Cunningham told CP that many of the 7,000 granted TPS statuses came to the U.S. on student or professional visas.

"Then the war broke out and they just kind of got stuck here," he said. "The vast majority have either a bachelor's degree or a post-grad degree. They are working here. Unlike the refugee program, the TPS program doesn't provide any benefits."

The concern of deportation for Syrians in the U.S. comes as the Trump administration has reduced the number of refugees being resettled to the U.S., and is planning to deport as many as 1,400 Iraqis, many of whom are Christian. 

About 800 of those Iraqis with final deportation orders have criminal records that range from minor offenses to more serious, according to The Guardian

In fiscal year 2019 (which ends on Sept. 30), the Trump administration has resettled just 31 Syrian Christians and 469 Syrians total. 

By comparison, 65 Syrian Christians and over 12,000 Syrians total were resettled to the U.S. during the last full fiscal year of the Obama administration (2016). 

As a whole, the Trump administration is on track to resettle about 28,000 refugees in the fiscal year 2018. By comparison, nearly 85,000 refugees were resettled to the U.S. during the last full fiscal year of the Obama administration. 

Refugee advocates have voiced concern after a recent Politico report suggested that the administration may shut down refugee admissions in fiscal year 2019. 

While decreasing the number of refugees resettled to the U.S. each year, the Trump administration has placed a priority on helping Christians and other persecuted minorities in the Middle East resettle in their homelands in the wake of the Islamic State's reign of terror in Iraq and Syria.

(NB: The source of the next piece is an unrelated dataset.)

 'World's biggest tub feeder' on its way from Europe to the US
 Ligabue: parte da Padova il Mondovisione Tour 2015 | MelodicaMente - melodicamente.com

However, advocates argue that both — resettling refugees and assisting in the rebuilding of torn minority communities — can be done. Additionally, there are many refugees worldwide that face danger if they return home but also face danger in the country in which they fled. 

"A number of refugee-hosting countries also have religious freedom issues, meaning that depending on the faith or belief a refugee comes from, they may still be under threat in a country of forced asylum,” Elizabeth Cassidy, director of international law and policy for the U.S. Commission on International Religious Freedom, said at a recent briefing on Capitol Hill. “Four of the top 10 refugee-hosting countries are on USCIRF’s Tier 1 or Tier 2 lists [of religious freedom violators]. Those are Turkey, Pakistan, Sudan and Iran.”